(Brief descriptive captions)

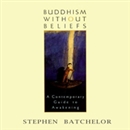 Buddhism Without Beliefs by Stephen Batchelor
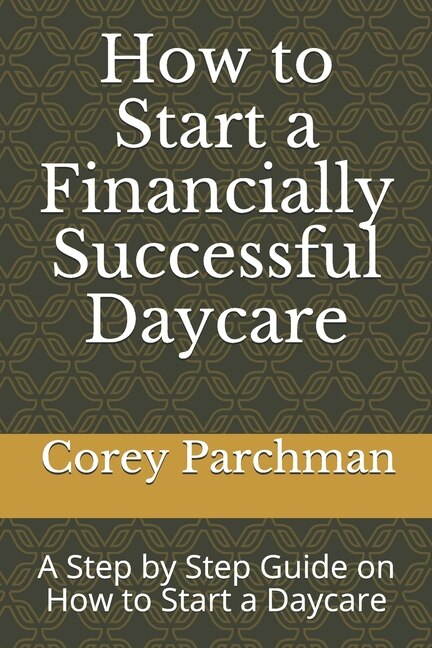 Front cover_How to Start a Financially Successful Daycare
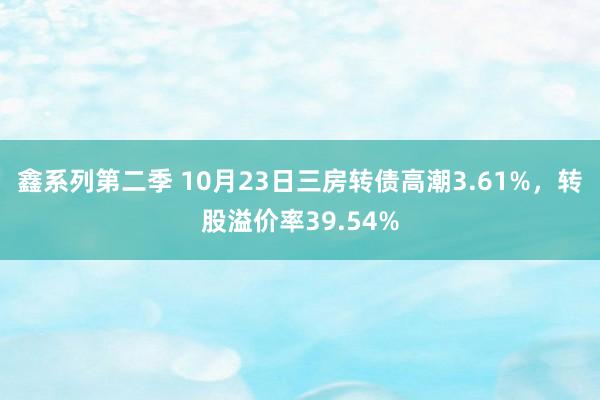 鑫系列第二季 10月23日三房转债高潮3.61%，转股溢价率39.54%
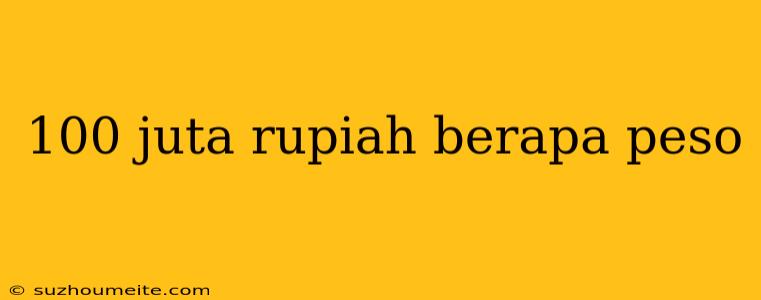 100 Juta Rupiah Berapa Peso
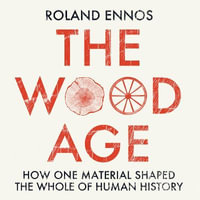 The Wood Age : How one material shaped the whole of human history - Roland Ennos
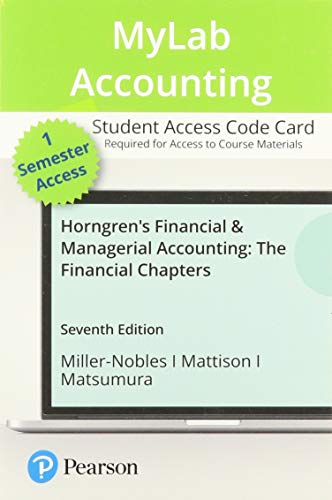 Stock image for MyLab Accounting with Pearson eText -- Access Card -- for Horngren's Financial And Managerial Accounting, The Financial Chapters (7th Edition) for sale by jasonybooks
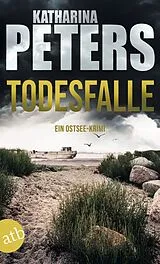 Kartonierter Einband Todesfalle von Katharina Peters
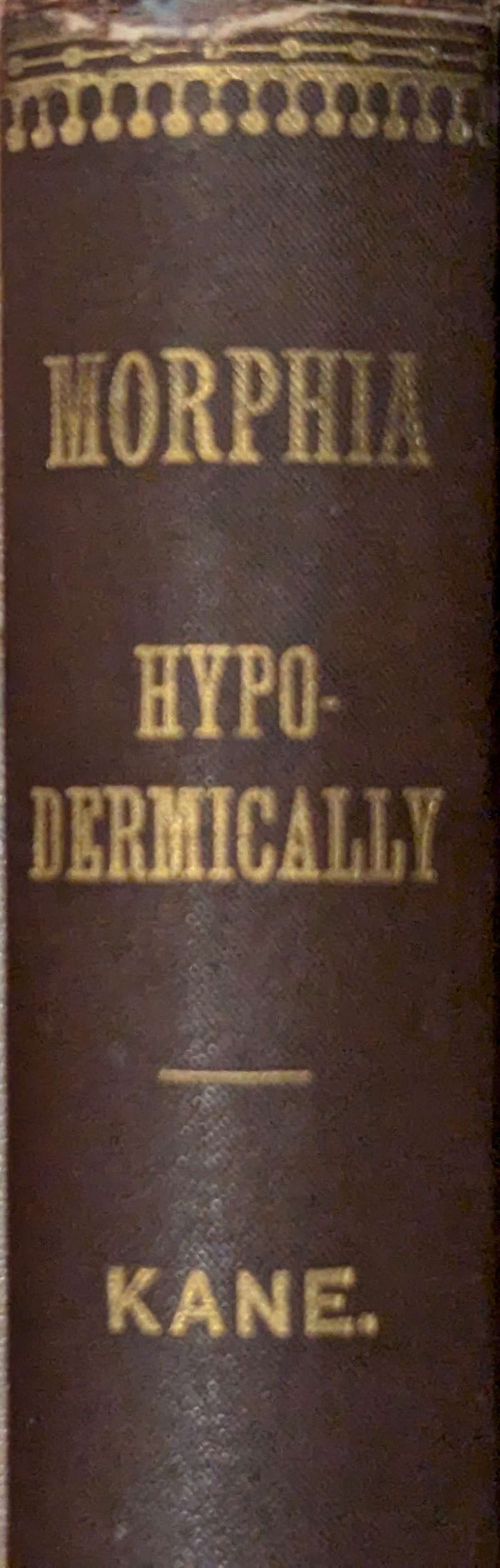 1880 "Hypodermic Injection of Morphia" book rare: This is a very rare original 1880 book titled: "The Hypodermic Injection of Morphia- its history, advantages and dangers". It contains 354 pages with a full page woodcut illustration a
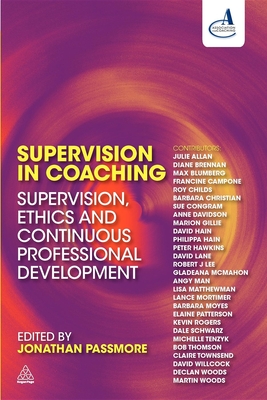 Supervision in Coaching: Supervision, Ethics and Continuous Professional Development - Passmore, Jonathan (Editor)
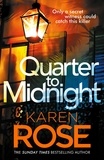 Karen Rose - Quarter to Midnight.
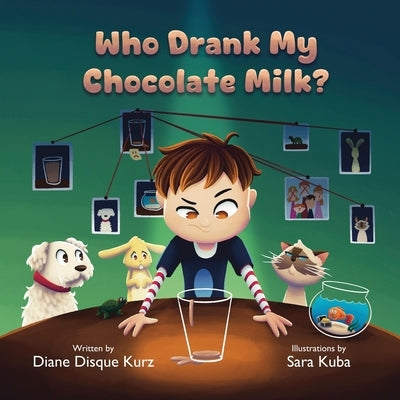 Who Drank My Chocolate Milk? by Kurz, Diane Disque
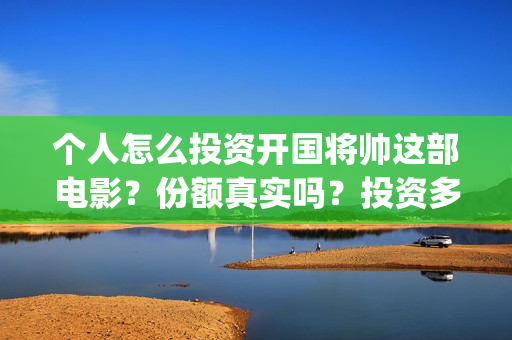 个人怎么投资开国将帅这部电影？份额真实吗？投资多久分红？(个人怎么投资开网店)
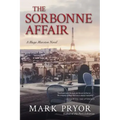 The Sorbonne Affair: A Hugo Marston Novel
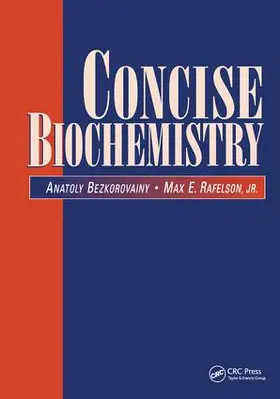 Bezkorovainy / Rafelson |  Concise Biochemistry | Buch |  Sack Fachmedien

Activity :: Only the lines from the one containing "Karen Rose - Quarter to Midnight." through the last line of the data above, both included, belong in the reply, each restated exactly and without pictures.

Reply to the task ::
 Karen Rose - Quarter to Midnight.
 Who Drank My Chocolate Milk? by Kurz, Diane Disque
 个人怎么投资开国将帅这部电影？份额真实吗？投资多久分红？(个人怎么投资开网店)
 The Sorbonne Affair: A Hugo Marston Novel
 Bezkorovainy / Rafelson |  Concise Biochemistry | Buch |  Sack Fachmedien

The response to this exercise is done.